# WKB Approximation with V-Shaped well

## Homework Statement

Good day all!
I'm studying for finals and i'd like to know how to do this problem (its not homework):

"Using the WKB method, find the bound state energies $E_n$ of a particle of mass m in a V-shaped potential well:

$V(x)= \begin{Bmatrix} -V_0 (1- \begin{vmatrix} \frac{x}{a} \end{vmatrix})\: \: -a<x<a\\ 0 \: \: \: if \: \: \: \: \: \: x\notin (-a,a) \end{Bmatrix}$ where $V_0$ and $a$ are positive constants.

What is the energy of the highest bound state?

## Homework Equations

WKB approximation for "potential with no vertical walls":

$\int_{x_1}^{x_2} p(x)dx=(n-\frac{1}{2})\pi \hbar$

Here $x_1,x_2$ are the classical "turning points" i.e to find them I set $p(x)=0$ and solve for x

## The Attempt at a Solution

Well, if its a bound state, then $E < V$, so the wave function is "in" the well.
$$p(x)=\frac{\sqrt{2m(V-E)}}{\hbar}=\frac{\sqrt{2m(-V_0(1-|\frac{x}{a}|)-E))}}{\hbar}$$
Thus the integral is:

$\int_{x_1}^{x_2} \frac{\sqrt{2m(V-E)}}{\hbar}=\int_{x_1}^{x_2} \frac{\sqrt{2m(-V_0(1-|\frac{x}{a}|)-E))}}{\hbar} dx=(n-\frac{1}{2})\pi \hbar$

So a few question arise:

Is my p(x) term correct?

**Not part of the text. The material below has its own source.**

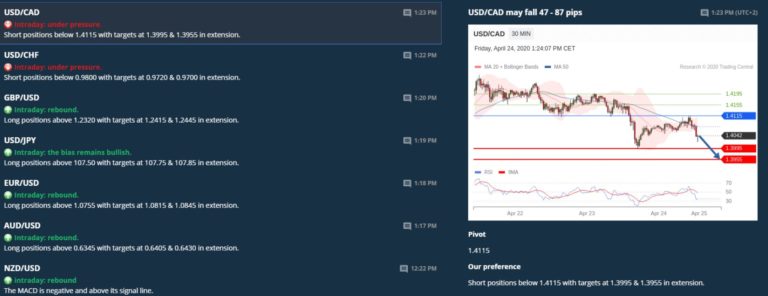 best cryptocurrency trading platform south africa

In this case is it: $$p(x)=\frac{\sqrt{2m(V-E)}}{\hbar}$$ OR $$p(x)=\frac{\sqrt{2m(E-V)}}{\hbar}$$?

Also, the well is symmetrical, so I can just to the integral:

$$2 \int_{0}^{x_2} \frac{\sqrt{2m(-V_0(1-|\frac{x}{a}|)-E))}}{\hbar} dx$$ So my question is: what is my turning point?
If I look just at the positive x values, I can drop the absolute value sign in the potential and I get:

$V(x)= \frac {V_0}{a}x-V_0$ for $0<x<a$. Thus my momentum becomes:

$\frac{\sqrt{2m(\frac {V_0}{a}x-V_0-E))}}{\hbar}$. Setting this equal to zero to find the left most turning point gives:

$\frac{\sqrt{2m(\frac {V_0}{a}x-V_0-E))}}{\hbar} =0 \rightarrow x=a$

Is this turning point correct? Am I on the right track? Thanks!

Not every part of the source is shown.